Web page caption snippets
*****

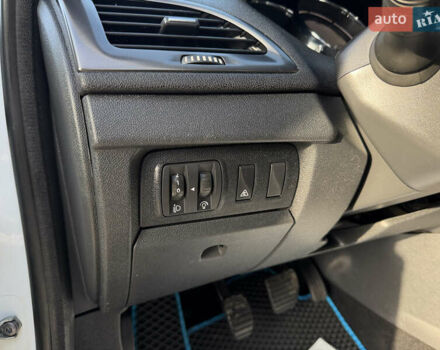 Белый Рено Меган, объемом двигателя 1.46 л и пробегом 178 тыс. км за 8550 $, фото 70 на Automoto.ua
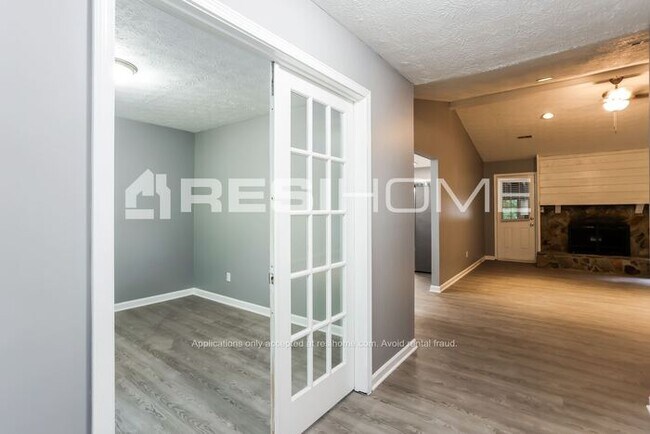 Foto del edificio - 7365 Chilton Ln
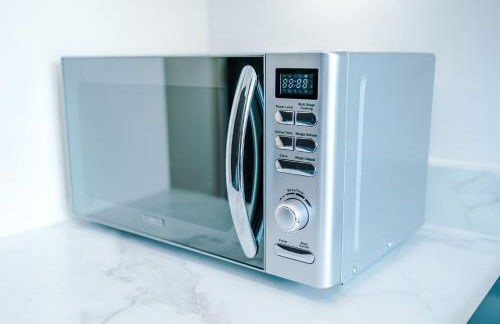 Stylish 1-Bedroom Getaway in Sale - Photo 25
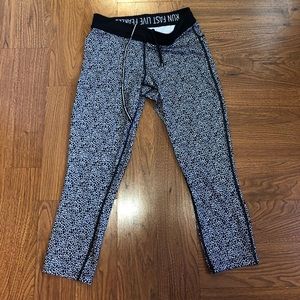 Nike drifit capri running tights
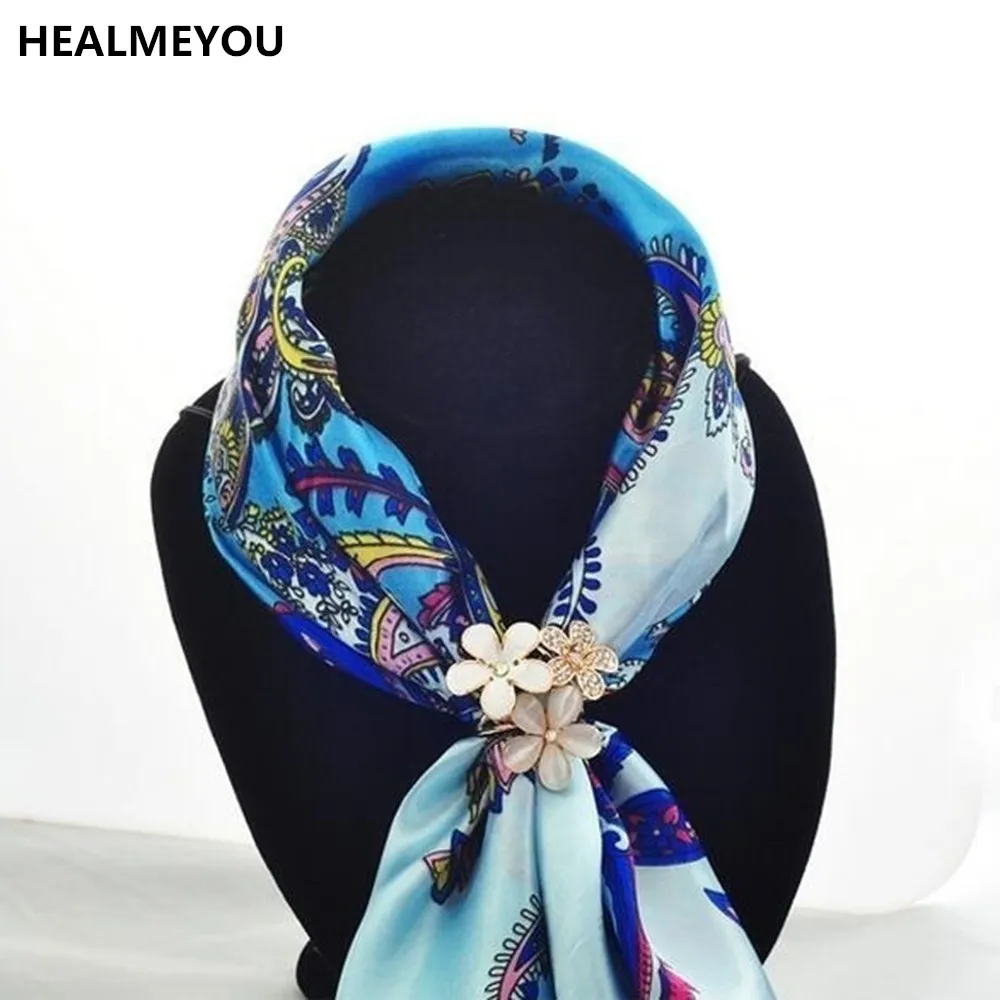 NEW Gold plated Crystal Silk Scarf Clip Buckle Holder Twine Brooch Pins Jewelryin Women's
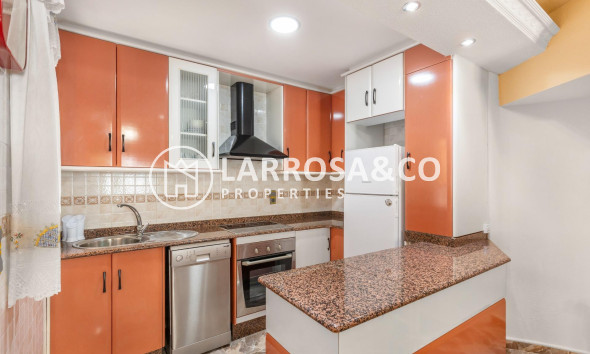 Resale - Semi-detached house - Los Alcázares - Centro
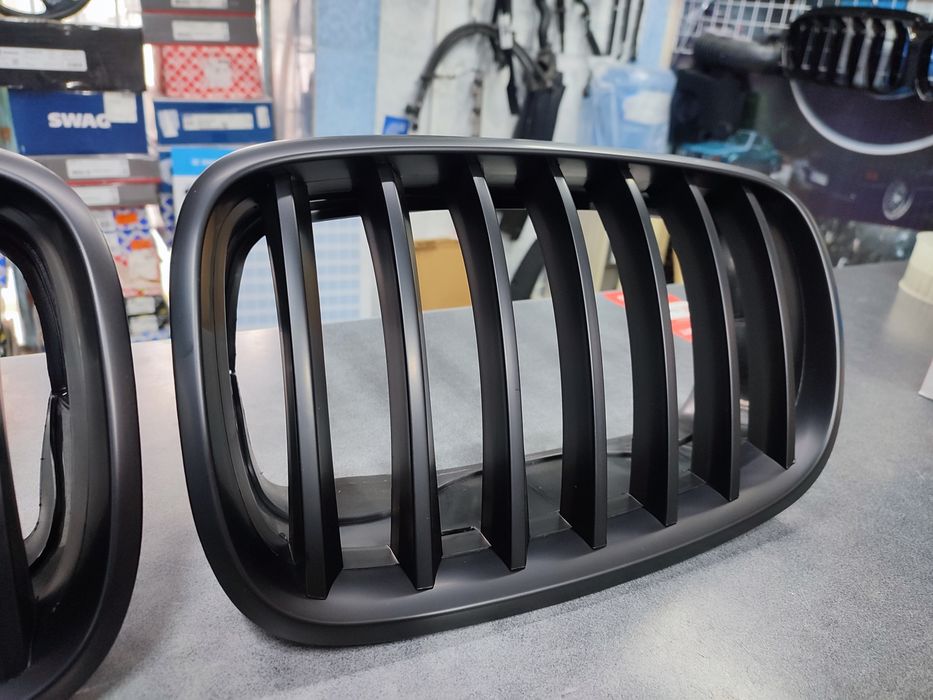 Решотка радиатор BMW X5 E70 X6 E71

*****

== Problem statement ==
Pictures are to be dropped, and every record is to be copied exactly.

== Written answer ==
 Белый Рено Меган, объемом двигателя 1.46 л и пробегом 178 тыс. км за 8550 $, фото 70 на Automoto.ua
 Foto del edificio - 7365 Chilton Ln
 Stylish 1-Bedroom Getaway in Sale - Photo 25
 Nike drifit capri running tights
 NEW Gold plated Crystal Silk Scarf Clip Buckle Holder Twine Brooch Pins Jewelryin Women's
 Resale - Semi-detached house - Los Alcázares - Centro
 Решотка радиатор BMW X5 E70 X6 E71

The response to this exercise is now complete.